In my research, we do a lot of data mining and machine learning. While we do not employ SQL Server 2005 to perform the operations, the underlying concepts are the same. Data mining can reveal statistical patterns in large amounts of data that we may have never even known existed. This article is intended to be used as a starting point and introduction into the world of data mining.

In this article, I will demonstrate basic data mining by predicting what grade a student will earn based on the student's gender, age, and grade level (like 4th grade, 5th grade etc.). We will train our classifier using known grades from existing students. Of course, there are lots of other real-world uses for data mining. The "Customers who bought this also bought..." link on Amazon.com is a perfect example. A more fun example is employing data mining on Subversion repositories to determine what files are usually changed together, or analyzing software profiles of passed and failed executions.
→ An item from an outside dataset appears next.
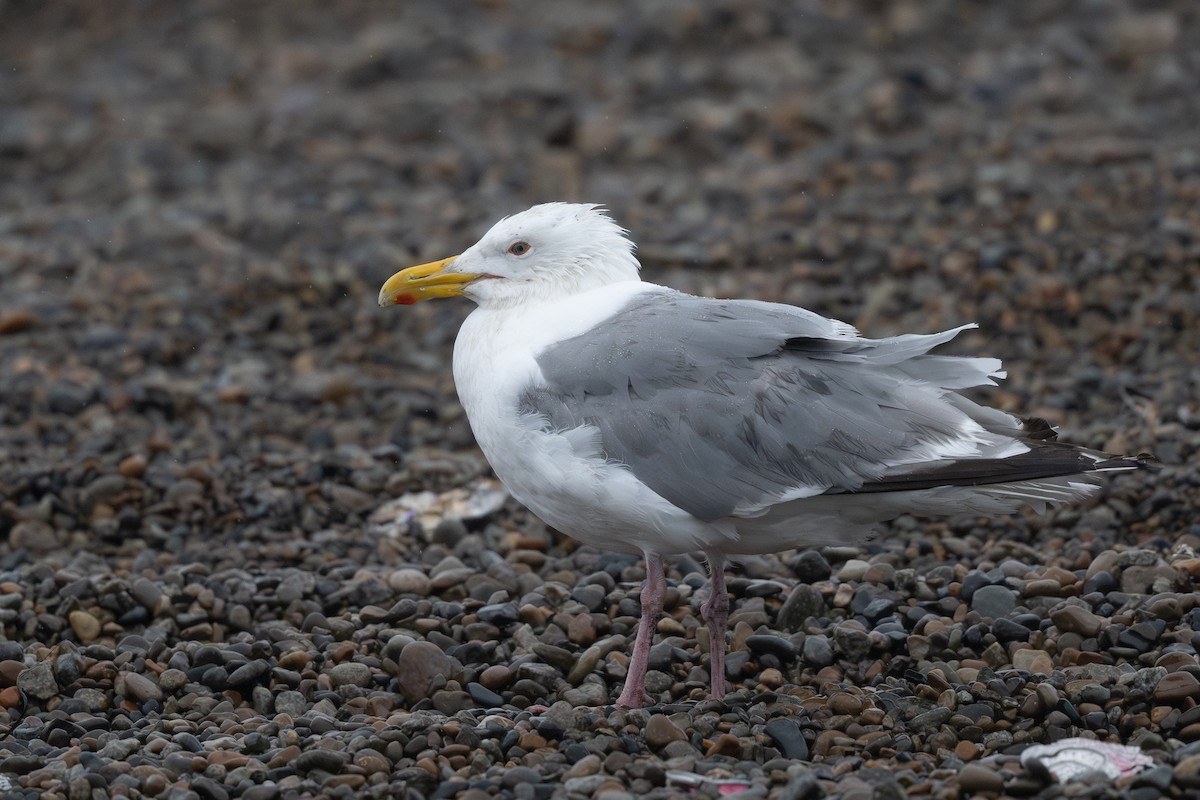 Gaviota Argéntea (vegae) - ML623786954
This is my first CodeProject article, so please be nice. Wink | ;) My intentions are that this will be the first article in a series of articles pertaining to data mining and SQL Server 2005. I did not see many articles on data mining on CodeProject, so perhaps this will be helpful. I listed this article as Intermediate, because it does not require much programming knowledge, but it does require a basic understanding of SQL Server 2005 and data mining, which I do not present.

Background

The book Data Mining with SQL Server 2005 (ISBN 0471462616) is a good starting point for anyone wanting to learn about data mining with SQL Server 2005. If you want more general information on data mining (and its statistical algorithms), then pick a different book. Like the book, this article requires that you have SQL Server 2005 Analysis Services and the SQL Server Business Intelligence Development Studio available.

Using the Code

Before we dive into the code part, let's set up our database of students. In the database (called Grades), we'll have two tables: PostedGrades and NewGrades. PostedGrades has the grades that have already been entered, and NewGrades will have the grades that we are going to predict. To create the PostedGrades table:

CREATE TABLE [dbo].[PostedGrades](
    [studentid] [nchar](2) COLLATE SQL_Latin1_General_CP1_CI_AS NOT NULL,
    [age] [int] NULL,
    [gender] [bit] NULL,
    [gradelevel] [int] NULL,
    [grade] [nchar](1) COLLATE SQL_Latin1_General_CP1_CI_AS NULL,
CONSTRAINT [PK_PostedGrades] PRIMARY KEY CLUSTERED (
    [studentid] ASC
)WITH (PAD_INDEX = OFF, STATISTICS_NORECOMPUTE = OFF, IGNORE_DUP_KEY = OFF, 
    ALLOW_ROW_LOCKS = ON, ALLOW_PAGE_LOCKS = ON) ON [PRIMARY]
) ON [PRIMARY]

To create the NewGrades table:

CREATE TABLE [dbo].[NewGrades](
    [studentid] [nchar](2) COLLATE SQL_Latin1_General_CP1_CI_AS NOT NULL,
    [age] [int] NULL,
    [gender] [bit] NULL,
    [gradelevel] [int] NULL,
CONSTRAINT [PK_NewGrades] PRIMARY KEY CLUSTERED (
    [studentid] ASC
)WITH (PAD_INDEX = OFF, STATISTICS_NORECOMPUTE = OFF, IGNORE_DUP_KEY = OFF, 
    ALLOW_ROW_LOCKS = ON, ALLOW_PAGE_LOCKS = ON) ON [PRIMARY]
) ON [PRIMARY]

Note that the two tables are identical, except that the NewGrades table does not have a grade field because this is the field we will be predicting. The gender field is a Boolean value, and your imagination can decide whether TRUE = boy or if TRUE = girl. Next, we'll populate the PostedGrades table with some records:

INSERT INTO PostedGrades VALUES ('1' , 10, TRUE, 4, 'A')
INSERT INTO PostedGrades VALUES ('2' , 9, TRUE, 4, 'B')
INSERT INTO PostedGrades VALUES ('3' , 10, TRUE, 4, 'A')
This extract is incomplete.